*** RECORDS ***

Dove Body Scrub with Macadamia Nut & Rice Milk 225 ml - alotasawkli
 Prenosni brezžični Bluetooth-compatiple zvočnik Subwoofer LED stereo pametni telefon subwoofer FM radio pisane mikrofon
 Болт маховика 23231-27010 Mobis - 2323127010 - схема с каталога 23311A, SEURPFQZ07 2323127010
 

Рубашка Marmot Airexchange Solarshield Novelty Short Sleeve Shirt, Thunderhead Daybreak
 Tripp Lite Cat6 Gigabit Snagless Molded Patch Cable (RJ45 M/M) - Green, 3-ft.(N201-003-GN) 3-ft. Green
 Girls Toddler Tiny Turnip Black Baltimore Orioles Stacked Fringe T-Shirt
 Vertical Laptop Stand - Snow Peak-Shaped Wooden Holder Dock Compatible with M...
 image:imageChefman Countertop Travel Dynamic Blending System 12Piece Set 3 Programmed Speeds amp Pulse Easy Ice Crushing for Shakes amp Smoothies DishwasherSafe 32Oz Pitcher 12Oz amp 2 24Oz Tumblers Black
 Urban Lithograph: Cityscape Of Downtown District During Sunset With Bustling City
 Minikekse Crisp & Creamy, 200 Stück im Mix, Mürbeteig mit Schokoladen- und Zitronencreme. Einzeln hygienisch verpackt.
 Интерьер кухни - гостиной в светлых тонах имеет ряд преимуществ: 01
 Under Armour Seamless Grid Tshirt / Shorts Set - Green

*** End of RECORDS ***

Both end lines included, restate word for word the lines above from the line with "Рубашка Marmot Airexchange" to the line with "Vertical Laptop Stand", and nothing else.

> **ANSWER BOX**:
Рубашка Marmot Airexchange Solarshield Novelty Short Sleeve Shirt, Thunderhead Daybreak
 Tripp Lite Cat6 Gigabit Snagless Molded Patch Cable (RJ45 M/M) - Green, 3-ft.(N201-003-GN) 3-ft. Green
 Girls Toddler Tiny Turnip Black Baltimore Orioles Stacked Fringe T-Shirt
 Vertical Laptop Stand - Snow Peak-Shaped Wooden Holder Dock Compatible with M...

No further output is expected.